Many parents of children with ADHD are in the habit of issuing just possibly 10 percent too many commands. They tell their children what to do or not to do just a little too often. Let's say a particular child can handle 20 commands per day and still function happily. If however he regularly gets 22 commands, resentment, frustration and anger will build up over the extra restrictions. These feelings simmer in the back of the child's mind and distract him during his schoolwork or in class. Therefore through Parenting Counseling we work on a plan to reduce the overall quantity and frequency of commands we issue to our children, which makes them feel much more comfortable, less restricted and in turn less distracted. I help parents develop a personally tailored plan detailing which commands to cut out which to leave in place, which will help bring your child into his comfort zone. For a detailed discussion of how to reduce commands, click here.
Children are completely dependent on their parents for all of their needs, especially their emotional needs. This means that they depend on us to make them happy. If that happiness level is too low it is intolerable for them, as they are powerless to change it. They regularly rely on us to rescue them from unhappiness. If a child's happiness level is lower than it should be she will be more distracted and find it difficult to focus on her schoolwork. So, through Parenting Counseling we work on implementing the golden habit of making our child's day pleasant and raising his contentment level. Very often just changing a few parental attitudes make a happier and better adjusted child, resulting in one who is better able to focus on his work.

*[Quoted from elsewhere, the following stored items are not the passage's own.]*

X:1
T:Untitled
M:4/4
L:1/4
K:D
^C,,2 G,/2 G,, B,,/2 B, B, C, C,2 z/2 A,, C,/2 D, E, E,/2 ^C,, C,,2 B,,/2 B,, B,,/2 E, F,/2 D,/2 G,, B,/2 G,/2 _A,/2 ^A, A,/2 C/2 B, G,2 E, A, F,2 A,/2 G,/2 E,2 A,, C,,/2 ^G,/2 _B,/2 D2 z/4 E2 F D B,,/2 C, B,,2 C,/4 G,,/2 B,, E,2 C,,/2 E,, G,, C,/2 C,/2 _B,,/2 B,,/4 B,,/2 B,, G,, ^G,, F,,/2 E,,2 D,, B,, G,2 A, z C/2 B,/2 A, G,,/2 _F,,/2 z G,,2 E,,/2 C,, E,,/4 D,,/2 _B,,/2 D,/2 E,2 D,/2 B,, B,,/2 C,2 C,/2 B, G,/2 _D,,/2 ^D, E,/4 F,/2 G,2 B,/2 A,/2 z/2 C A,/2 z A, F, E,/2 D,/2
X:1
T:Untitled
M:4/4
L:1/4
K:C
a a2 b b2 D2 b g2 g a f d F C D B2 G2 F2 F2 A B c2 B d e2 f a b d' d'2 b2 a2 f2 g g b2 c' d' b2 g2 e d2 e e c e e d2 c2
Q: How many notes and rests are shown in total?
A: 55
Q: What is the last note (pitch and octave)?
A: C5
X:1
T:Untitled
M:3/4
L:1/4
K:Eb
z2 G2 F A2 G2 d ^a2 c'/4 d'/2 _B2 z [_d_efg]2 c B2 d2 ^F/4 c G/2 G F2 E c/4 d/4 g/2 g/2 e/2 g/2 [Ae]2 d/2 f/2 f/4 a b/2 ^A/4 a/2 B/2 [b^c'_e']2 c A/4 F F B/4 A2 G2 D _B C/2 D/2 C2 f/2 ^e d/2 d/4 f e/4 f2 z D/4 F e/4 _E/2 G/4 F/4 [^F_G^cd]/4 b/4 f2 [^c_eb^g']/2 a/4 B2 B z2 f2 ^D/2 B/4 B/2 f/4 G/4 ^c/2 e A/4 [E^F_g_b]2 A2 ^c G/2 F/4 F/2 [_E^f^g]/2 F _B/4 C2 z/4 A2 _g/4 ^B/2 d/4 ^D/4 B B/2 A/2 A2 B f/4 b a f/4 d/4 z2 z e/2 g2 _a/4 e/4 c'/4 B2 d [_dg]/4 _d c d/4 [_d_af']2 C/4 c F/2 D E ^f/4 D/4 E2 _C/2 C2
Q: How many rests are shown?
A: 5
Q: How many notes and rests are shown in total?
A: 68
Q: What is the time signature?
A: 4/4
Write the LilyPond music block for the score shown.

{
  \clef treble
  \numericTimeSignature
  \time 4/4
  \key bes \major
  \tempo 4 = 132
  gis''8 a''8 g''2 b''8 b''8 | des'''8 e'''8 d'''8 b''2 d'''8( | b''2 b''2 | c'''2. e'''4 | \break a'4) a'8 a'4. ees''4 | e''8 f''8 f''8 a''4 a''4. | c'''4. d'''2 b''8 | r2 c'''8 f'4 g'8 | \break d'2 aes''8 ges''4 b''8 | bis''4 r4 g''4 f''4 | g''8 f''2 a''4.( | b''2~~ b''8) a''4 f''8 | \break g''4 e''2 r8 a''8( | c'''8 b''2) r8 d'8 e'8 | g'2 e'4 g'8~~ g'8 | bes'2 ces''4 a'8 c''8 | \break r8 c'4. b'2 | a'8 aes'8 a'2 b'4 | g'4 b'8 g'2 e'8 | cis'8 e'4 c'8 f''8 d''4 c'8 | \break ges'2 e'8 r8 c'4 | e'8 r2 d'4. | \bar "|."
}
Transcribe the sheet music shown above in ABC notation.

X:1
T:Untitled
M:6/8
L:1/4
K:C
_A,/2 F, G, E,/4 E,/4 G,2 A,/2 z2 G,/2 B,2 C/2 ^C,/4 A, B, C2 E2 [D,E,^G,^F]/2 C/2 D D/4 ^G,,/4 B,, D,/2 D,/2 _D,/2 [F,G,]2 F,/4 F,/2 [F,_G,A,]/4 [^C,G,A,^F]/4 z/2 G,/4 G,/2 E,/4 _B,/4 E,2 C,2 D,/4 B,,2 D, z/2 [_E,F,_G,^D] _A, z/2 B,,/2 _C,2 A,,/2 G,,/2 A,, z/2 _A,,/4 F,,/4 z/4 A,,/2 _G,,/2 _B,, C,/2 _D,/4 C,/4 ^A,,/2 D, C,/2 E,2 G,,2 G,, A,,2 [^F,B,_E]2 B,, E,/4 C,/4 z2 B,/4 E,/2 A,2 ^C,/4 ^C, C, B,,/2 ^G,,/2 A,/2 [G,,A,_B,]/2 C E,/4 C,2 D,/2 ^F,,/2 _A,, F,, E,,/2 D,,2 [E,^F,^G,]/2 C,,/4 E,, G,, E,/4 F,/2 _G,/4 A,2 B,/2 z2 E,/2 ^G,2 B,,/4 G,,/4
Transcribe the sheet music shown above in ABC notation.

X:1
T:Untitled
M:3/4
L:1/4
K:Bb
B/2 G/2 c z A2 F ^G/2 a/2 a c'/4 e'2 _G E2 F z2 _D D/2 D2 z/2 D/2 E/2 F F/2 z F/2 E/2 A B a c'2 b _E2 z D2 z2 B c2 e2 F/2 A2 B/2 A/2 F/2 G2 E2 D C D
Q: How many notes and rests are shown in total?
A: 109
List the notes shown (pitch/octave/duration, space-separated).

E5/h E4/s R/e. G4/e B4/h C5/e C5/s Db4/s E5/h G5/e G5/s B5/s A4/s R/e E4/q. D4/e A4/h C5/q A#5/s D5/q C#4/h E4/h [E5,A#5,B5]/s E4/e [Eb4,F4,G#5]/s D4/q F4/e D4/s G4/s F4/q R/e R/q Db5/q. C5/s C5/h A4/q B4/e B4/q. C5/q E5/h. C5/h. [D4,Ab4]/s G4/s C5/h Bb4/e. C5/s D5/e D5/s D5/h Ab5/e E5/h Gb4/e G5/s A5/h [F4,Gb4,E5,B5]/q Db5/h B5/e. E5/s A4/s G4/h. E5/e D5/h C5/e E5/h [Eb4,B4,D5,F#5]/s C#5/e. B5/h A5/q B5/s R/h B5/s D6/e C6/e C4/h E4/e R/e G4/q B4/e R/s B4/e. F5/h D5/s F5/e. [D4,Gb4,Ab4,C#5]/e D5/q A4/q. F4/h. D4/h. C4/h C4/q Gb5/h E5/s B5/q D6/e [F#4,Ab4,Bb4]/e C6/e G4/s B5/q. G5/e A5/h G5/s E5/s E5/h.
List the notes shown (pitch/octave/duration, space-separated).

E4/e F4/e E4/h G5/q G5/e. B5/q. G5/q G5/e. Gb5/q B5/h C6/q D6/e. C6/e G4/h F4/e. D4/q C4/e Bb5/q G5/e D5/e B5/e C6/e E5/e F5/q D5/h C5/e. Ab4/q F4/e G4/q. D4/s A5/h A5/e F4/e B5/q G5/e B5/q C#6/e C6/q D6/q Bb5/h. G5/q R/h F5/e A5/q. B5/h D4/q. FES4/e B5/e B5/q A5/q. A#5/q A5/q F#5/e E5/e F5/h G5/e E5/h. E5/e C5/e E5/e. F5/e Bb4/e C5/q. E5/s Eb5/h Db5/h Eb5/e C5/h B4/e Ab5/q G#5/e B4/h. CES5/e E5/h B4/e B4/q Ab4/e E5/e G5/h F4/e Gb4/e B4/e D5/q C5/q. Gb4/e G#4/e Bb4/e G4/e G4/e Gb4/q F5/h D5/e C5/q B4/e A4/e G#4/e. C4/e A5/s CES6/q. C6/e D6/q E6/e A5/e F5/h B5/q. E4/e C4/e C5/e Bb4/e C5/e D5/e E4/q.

Again it takes time over a period of months to work on issues that may be blocking a parent from raising his child's happiness level. Children who are going through family conflict or other stressors will require particular attention to bring that contentment to an appropriate level.
Avoid arguing in front of them
All parents sometimes argue or bicker between themselves, and some do so often. However, even minor arguments when witnessed by the children can unfortunately be extremely traumatic for them. Children don't have the presence of mind to realize that it is only a minor argument which will soon pass, leaving the marital relationship intact. During an argument they tend to fear the worst. Many children have reported to me that when their parents argue they feel sure that they're going to split up and that they are going to be abandoned! They further blame themselves, "If I was a better child mommy and daddy would get along." These thoughts and feelings linger in a child's mind and distract him terribly during his schoolwork. It only takes a moment to understand intellectually that one ought not argue in front of the children, but it takes time in Parenting Counseling to turn the practice into a solid habit. During arguments, passions flare up and words tend to spill out no matter who is listening. It takes time and discipline to learn to turn on the TV and go argue behind closed doors. However as a result the child will feel much more secure and be less distracted during his schoolwork.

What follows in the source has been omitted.